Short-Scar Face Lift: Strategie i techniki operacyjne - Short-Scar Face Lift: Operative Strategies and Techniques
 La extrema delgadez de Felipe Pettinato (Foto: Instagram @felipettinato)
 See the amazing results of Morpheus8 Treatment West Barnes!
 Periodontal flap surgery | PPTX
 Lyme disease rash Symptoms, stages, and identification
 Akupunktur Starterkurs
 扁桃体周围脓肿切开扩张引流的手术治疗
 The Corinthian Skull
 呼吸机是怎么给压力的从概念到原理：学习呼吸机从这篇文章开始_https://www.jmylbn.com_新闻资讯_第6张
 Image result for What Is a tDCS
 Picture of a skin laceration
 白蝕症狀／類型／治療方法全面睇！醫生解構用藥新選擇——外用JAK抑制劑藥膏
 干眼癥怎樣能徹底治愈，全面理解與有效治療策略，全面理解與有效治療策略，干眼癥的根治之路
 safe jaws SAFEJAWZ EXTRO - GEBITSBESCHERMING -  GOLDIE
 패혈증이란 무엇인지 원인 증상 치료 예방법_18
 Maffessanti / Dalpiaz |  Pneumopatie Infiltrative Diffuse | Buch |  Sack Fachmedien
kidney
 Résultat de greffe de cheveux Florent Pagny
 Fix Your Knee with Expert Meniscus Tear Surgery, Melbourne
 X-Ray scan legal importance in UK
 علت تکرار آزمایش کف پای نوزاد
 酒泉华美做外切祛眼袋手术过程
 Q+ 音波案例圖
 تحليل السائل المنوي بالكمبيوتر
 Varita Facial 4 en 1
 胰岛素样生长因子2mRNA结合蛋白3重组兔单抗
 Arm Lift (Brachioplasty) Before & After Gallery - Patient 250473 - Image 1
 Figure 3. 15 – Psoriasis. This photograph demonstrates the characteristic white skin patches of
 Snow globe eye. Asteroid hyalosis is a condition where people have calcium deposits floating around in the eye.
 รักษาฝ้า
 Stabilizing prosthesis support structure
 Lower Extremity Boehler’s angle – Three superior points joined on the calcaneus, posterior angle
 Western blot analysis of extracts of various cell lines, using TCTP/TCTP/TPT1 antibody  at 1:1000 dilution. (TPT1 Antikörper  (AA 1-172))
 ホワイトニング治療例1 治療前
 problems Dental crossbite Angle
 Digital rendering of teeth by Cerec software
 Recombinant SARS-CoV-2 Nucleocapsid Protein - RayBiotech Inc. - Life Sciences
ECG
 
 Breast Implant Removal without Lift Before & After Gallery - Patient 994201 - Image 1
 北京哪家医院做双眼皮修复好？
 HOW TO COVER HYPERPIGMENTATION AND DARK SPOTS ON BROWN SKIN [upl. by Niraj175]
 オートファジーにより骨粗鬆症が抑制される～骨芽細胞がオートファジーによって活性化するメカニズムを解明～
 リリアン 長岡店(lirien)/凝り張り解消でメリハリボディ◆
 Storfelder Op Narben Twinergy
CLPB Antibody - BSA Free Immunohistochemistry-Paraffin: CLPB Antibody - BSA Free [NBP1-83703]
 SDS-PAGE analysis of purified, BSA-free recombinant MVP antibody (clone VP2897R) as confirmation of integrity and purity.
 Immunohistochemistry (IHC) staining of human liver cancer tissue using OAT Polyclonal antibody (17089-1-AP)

--------------------------------

What to produce: Each line from the top of the data, up to and including the line that contains "패혈증이란 무엇인지 원인 증상 치료 예방법_18", should be set down exactly.

Answer for the task:
Short-Scar Face Lift: Strategie i techniki operacyjne - Short-Scar Face Lift: Operative Strategies and Techniques
 La extrema delgadez de Felipe Pettinato (Foto: Instagram @felipettinato)
 See the amazing results of Morpheus8 Treatment West Barnes!
 Periodontal flap surgery | PPTX
 Lyme disease rash Symptoms, stages, and identification
 Akupunktur Starterkurs
 扁桃体周围脓肿切开扩张引流的手术治疗
 The Corinthian Skull
 呼吸机是怎么给压力的从概念到原理：学习呼吸机从这篇文章开始_https://www.jmylbn.com_新闻资讯_第6张
 Image result for What Is a tDCS
 Picture of a skin laceration
 白蝕症狀／類型／治療方法全面睇！醫生解構用藥新選擇——外用JAK抑制劑藥膏
 干眼癥怎樣能徹底治愈，全面理解與有效治療策略，全面理解與有效治療策略，干眼癥的根治之路
 safe jaws SAFEJAWZ EXTRO - GEBITSBESCHERMING -  GOLDIE
 패혈증이란 무엇인지 원인 증상 치료 예방법_18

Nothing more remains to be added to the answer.